Despite all the interesting ideas explored in this novel, I can’t really say that I loved it. I thought the format and structure of the book made it feel slightly disjointed; a more conventional narrative would have worked better for me and would have made it easier for me to connect with the characters and become more fully asbsorbed in their stories. Still, this is an entertaining and very imaginative novel and I’m pleased to have had the opportunity to learn a little bit more about Bram Stoker, Henry Irving and Ellen Terry!

Ghost Light by Joseph O’Connor

Ghost Light tells the story of Molly Allgood, a real-life Irish actress who performed under the stage name Maire O’Neill and was engaged to the playwright John Millington Synge at the time of his death from cancer in 1909. Molly was fourteen years younger than Synge, she was a Catholic whereas he was a Protestant, and she came from a much poorer background. It seemed that almost everyone disapproved of their relationship including their parents, families and friends.

We first meet Molly in 1952, many years after Synge’s death. She’s living in poverty in London, dependent on alcohol, alone and desperate. We follow her over the course of a day as she prepares to take part in a play which is being broadcast on BBC radio and this story is interspersed with Molly’s memories of Synge and flashbacks to the early twentieth century.

As you’ve probably guessed, Ghost Light is not a happy book at all. Molly’s story is very sad, moving and poignant. The novel is written mostly in the second person, as well as following a stream of consciousness style, which made the book a bit harder to read than it needed to be, but Joseph O’Connor’s writing is undeniably beautiful and I did get used to the second person perspective after a while. There was also a chapter written in the style of a scene from one of Synge’s plays which I thought was a nice addition.

O’Connor states in his author’s note that although Molly and Synge were real people, this is a fictional story and most of the events described in the novel never actually happened. However, even if O’Connor’s Molly and Synge don’t bear much resemblance to their real-life models, they both felt completely realistic to me.

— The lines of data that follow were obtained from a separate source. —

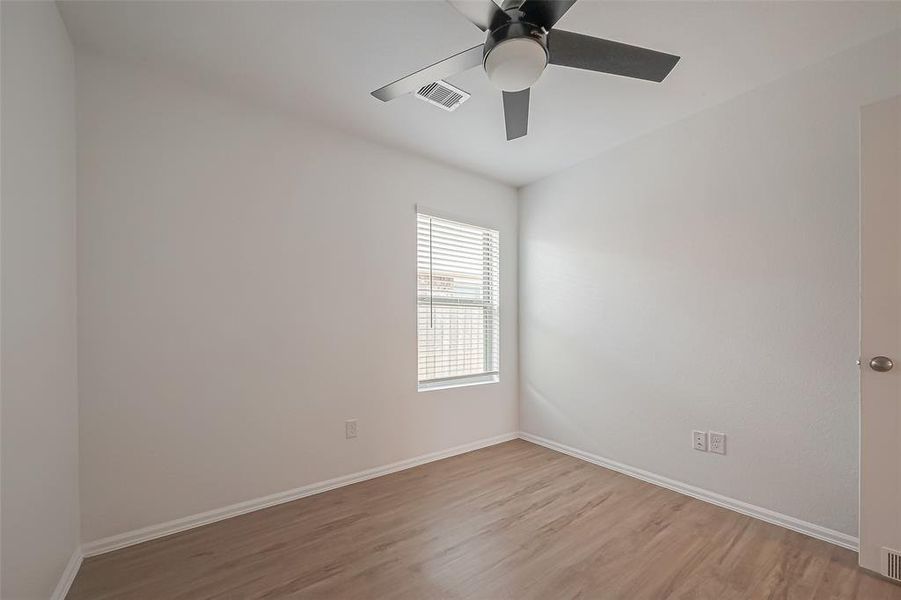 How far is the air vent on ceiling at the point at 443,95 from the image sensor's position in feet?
7.48

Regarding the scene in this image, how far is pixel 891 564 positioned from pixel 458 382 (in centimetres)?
260

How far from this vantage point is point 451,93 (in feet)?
7.68

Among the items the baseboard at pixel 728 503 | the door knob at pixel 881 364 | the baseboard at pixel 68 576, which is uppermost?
the door knob at pixel 881 364

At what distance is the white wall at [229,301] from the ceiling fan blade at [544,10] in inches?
69.5

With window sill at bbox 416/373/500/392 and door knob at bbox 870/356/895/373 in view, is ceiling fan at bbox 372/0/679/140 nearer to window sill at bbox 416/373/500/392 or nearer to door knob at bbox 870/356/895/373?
door knob at bbox 870/356/895/373

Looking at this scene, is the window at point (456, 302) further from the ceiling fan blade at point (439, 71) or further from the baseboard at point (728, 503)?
the ceiling fan blade at point (439, 71)

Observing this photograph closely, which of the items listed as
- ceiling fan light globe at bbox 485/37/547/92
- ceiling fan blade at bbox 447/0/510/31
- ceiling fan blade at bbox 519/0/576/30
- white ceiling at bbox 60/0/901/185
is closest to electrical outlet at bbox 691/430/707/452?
white ceiling at bbox 60/0/901/185

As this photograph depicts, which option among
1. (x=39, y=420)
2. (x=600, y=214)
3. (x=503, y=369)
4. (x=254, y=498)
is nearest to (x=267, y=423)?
(x=254, y=498)

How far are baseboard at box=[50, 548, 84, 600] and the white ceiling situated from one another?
2.41m

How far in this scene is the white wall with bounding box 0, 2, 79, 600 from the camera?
1.29 metres

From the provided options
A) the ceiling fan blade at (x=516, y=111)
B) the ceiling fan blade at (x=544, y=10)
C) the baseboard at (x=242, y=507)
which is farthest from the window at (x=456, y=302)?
the ceiling fan blade at (x=544, y=10)

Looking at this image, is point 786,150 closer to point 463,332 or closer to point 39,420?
point 463,332

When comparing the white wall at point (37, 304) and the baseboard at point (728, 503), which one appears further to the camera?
the baseboard at point (728, 503)

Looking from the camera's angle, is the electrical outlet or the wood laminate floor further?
the electrical outlet
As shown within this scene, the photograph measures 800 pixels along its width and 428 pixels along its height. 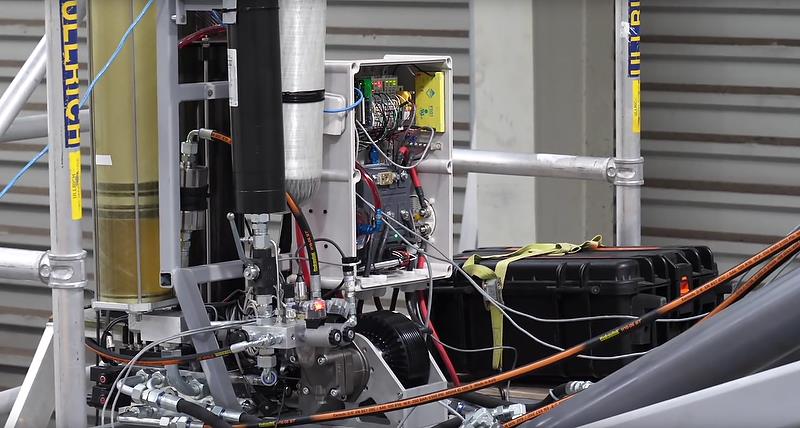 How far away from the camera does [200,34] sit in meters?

Although I didn’t find Molly very likeable, I did love her narrative voice, which was bitter one minute and amusing the next, and this helped me warm to her character.

I won this book in last October’s Readathon and would like to thank Jessica of Park Benches and Bookends for providing a copy. I wish I’d had a chance to read it sooner, but my timing was actually perfect because I was in Dublin for a few days just last week and discovered some displays on Synge and Molly Allgood in the Dublin Writers Museum which I probably wouldn’t have appreciated if I hadn’t read Ghost Light!